2026-02-15

Fortran I

Take a look

Fortran I, which is an ancient programming language (at least for me), had an exotic algorithm to decide which operator will be calculated first. First of all, let's define somethings we need to proceed.

Let $S$ be a finite set of binary operators which we should consider.
Let $f:S\rightarrow \mathbb{N}$ be a function which indicates the priority of each operator in $S$ .
If an operator $\otimes\in S$ has a higher priority than $\oplus\in S$ , it must hold that $f(\otimes)<f(\oplus)$ .

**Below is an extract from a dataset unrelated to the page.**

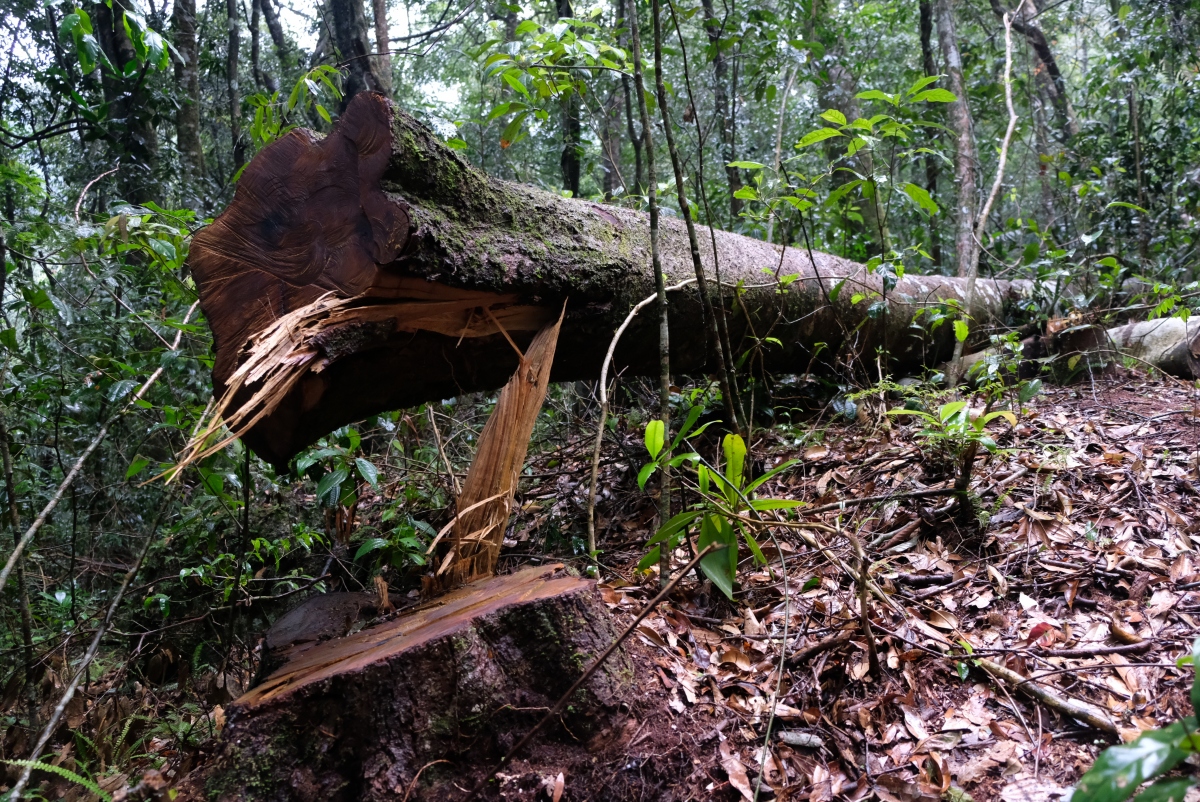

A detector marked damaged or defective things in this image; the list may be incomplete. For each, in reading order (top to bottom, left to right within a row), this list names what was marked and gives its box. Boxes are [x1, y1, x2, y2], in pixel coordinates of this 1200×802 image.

splintered wood [426, 304, 568, 592]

What I want to prove is the following algorithm transforms an math expression

to an expression that can be evaluated without the priority information
wihtout changing the evaluation result.

Let's go ahead to the actual algorithm.

Input: S, f, and an math expression E
Output: the transformed expression E'

M := max(f(S))
E' := <M+1 opening parantheses>
For each c in S:
    If c is opening paranthesis:
        E' := <M+1 opening paranthesis>
    Else If c is closing paranthesis:
        E' := <M+1 closing paranthesis>
    Else If c is an operator in S:
        E' := E'||<f(c) closing parantheses>||c||<f(c) opening parantheses>
    Else:
        E' := E'||c
    End If
End
E' := E'||<M+1 closing parantheses>
Return E'

The following is an illustration of each step in a transformation of expression $7\times (2+3)$ .

  ⇒ E' = (((
7 ⇒ E' = (((7
× ⇒ E' = (((7)×(
( ⇒ E' = (((7)×((((
2 ⇒ E' = (((7)×((((2
+ ⇒ E' = (((7)×((((2))+((
3 ⇒ E' = (((7)×((((2))+((3
) ⇒ E' = (((7)×((((2))+((3)))
  ⇒ E' = (((7)×((((2))+((3))))))

The number of preceeding unclosed open parantheses in the transformed expression $E^\prime$ takes a crucial role on analyzing what's going on. Let me call it potential on the latter part of this post. The number over each symbol represents the potential of it.

$\overset{3}{7} \overset{2}{\times} ( \overset{6}{2} \overset{4}{+} \overset{6}{3} )$

An actual proof

There are two things to be proved:

The evaluation result doesn't change.
It can be evaluated without knowing the operation priority $f$ .

Result consistency I & Evaluability without f

First things first, let's go ahead on the first one. We're going to prove that result consistency holds when $E$ doesn't include any parantheses.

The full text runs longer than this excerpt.